Faire entrer l’histoire homosexuelle dans la grande Histoire sans jamais réduire ses personnages à leur sexualité, c'est toute la force de ce roman. Jean est soldat, catholique, linguiste, étudiant, Français, Breton, fils, frère et amoureux. Hans, Helmut, Daniel, Étienne, Charles ou Thomas ont eux aussi des caractères et des destins qui leurs sont propres. Le livre refuse explicitement d’en faire un groupe homogène. Ce qu'ils ont en commun : des hommes qui ont libéré l’Europe sans être encore libres d’être eux-mêmes ».

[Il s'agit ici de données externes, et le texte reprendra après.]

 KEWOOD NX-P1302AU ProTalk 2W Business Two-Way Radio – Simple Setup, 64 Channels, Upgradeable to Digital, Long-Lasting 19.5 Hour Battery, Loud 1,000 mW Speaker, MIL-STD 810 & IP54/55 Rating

Partir avant la nuit, de Serge Krebs, est un roman historique sur l’amour, la guerre et le courage d’être soi.Au soir de sa vie, Jean se souvient de Charles, l’homme qu’il a aimé pendant cinquante-six ans. De l’Europe des années 1930 à la Libération, son récit traverse la guerre, l’exil et les combats de la 2e DB. En 1944, sa rencontre avec Charles bouleverse son existence et fait naître un amour que leur époque condamne au secret. Autour d’eux, d’autres hommes affrontent chacun à leur manière la peur, le mensonge, la répression ou le renoncement. Partir avant la nuit raconte la force d’un amour qui survit à la guerre, aux interdits et au temps
Né à Oxford, a vécu en France et à l'étranger, a été étudiant à la Sorbonne et à Oxford, a travaillé dans de nombreux pays dans les services du commerce extérieur, notamment en Russie, en Inde, aux Etats-Unis. Il a publié un roman chez Grasset, en 1985, bien reçu par la presse.

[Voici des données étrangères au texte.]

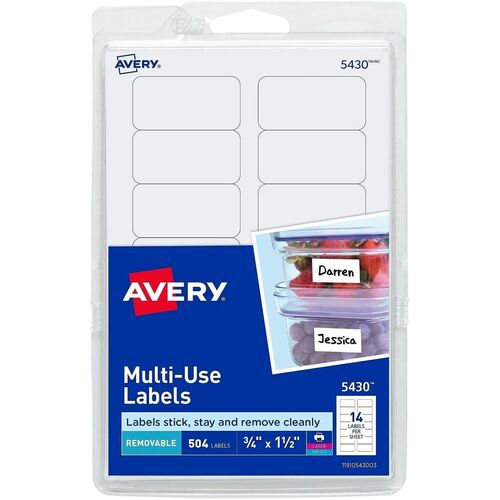Labels, Removable, Multipurpose, 3/4" x 1-1/2", White 504/PK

Antoine Loiseul : La grande réussite de Partir avant la nuit réside dans la délicatesse de l’histoire de Jean et Charles : un amour sans démonstration excessive, construit dans les silences, les séparations et les gestes interdits. Plus le monde les oblige à se présenter comme de simples amis, plus le lecteur comprend la profondeur de ce qui les unit, et la douleur d'un amour non assumable dans cette période de l'histoire.